John Udell
John Udell | |
---|---|
Born | |
Died | 30 June 1874 | (aged 79)
Resting place | Paskenta, California |
Known for | Diarist of the American Frontier |
John Udell (22 June 1795 – 30 June 1874) was an American farmer and Baptist lay preacher who is primarily known for two detailed diaries he kept of his travels to California across the Great Plains of the United States. He traversed the overland route four times between 1850 and 1859, returning by sea on his first three trips. After his fourth and final trip to California he remained there, settling in Solano County and later in Sonoma County. His first diary, Incidents of Travel to California Across the Great Plains, was published in 1856. His second diary, Journal of John Udell, Kept During a Trip Across the Plains, was first published in 1859 and is an account of his last trip to California as a member of the Rose-Baley Party.
Early years and marriage
[edit]Modern accounts of John Udell's early life are based on his autobiographical sketch published in 1856 as part of Incidents of Travel to California Across the Great Plains and summarized in Lyle H. Wright's introduction to the 1946 edition of Udell's second diary, Journal of John Udell, Kept During a Trip Across the Plains.
Born in New York City, he was the eldest of Phebe (née Bailey) and John Udell's 13 children.
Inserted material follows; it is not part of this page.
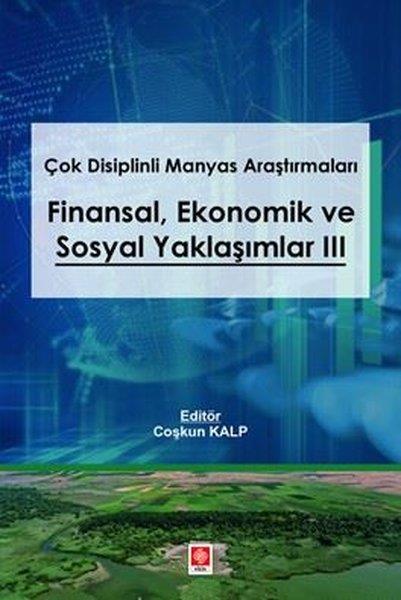 KolektifEğitimÇok Disiplinli Manyas Araştırmaları: Finansal Ekonomik ve Sosyal Yaklaşımlar 3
According to Udell, his great-grandfather Lionel had been a physician and innkeeper in Exeter, England. He emigrated to the United States in the late 17th century, settling in Stonington, Connecticut where he continued to practice as a physician. Udell's grandfather (also named John) had a shipping business in Stephentown, New York, but after his death, his business partners "absconded" with the company's cash, leaving large debts to be paid by Udell's father. For a while his father, who had previously worked as a merchant seaman out of New York, ran a sloop on the Hudson River belonging to the Schermerhorn family. The young John Udell served as the cook and cabin-boy.[1]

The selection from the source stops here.